Another 2014 favorite for this book lover!
(It pains me that we are losing our beloved bookstores. I do enjoy my e-reader, but still love my real books more.)
"The most annoying thing about it is that once a person gives a shit about one thing, he finds he has to start giving a shit about everything."It's a lovely quiet story about the way a life of a lonely and surly bookseller on a remote New England island gets turned around when he unexpectedly finds himself a guardian and then a father of an adorable toddler abandoned in his bookstore. It's a story of how one event can help reaffirm life and steer it into a completely new direction, soothing old wounds and opening new possibilities.

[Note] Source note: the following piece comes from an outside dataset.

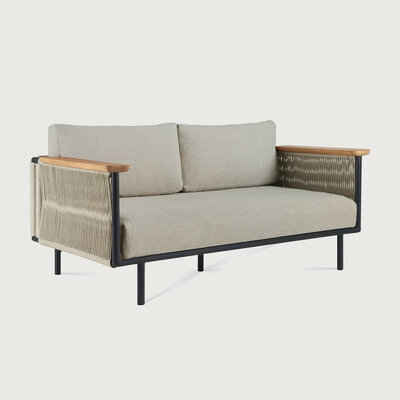 Ethnicraft Corbey Outdoor Bank Oyster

"What I say is, a town isn't a town without a bookstore. It may call itself a town, but unless it's got a bookstore it knows it's not fooling a soul." ("American Gods" by Neil Gaiman)It's also a story of the world of book selling and book publishing, about the role a brick-and-mortar bookstore can - and should - play in a small community, about the love of books and the connections that they can help form. In the world of e-readers replacing 'dead tree' book and vanishing bookstores outcompeted by online retail giants this book is infused with optimism about the survival of the neighborhood bookstore - and what's more important, the simple necessity of such a survival.
"We read to know we’re not alone. We read because we are alone. We read and we are not alone. We are not alone."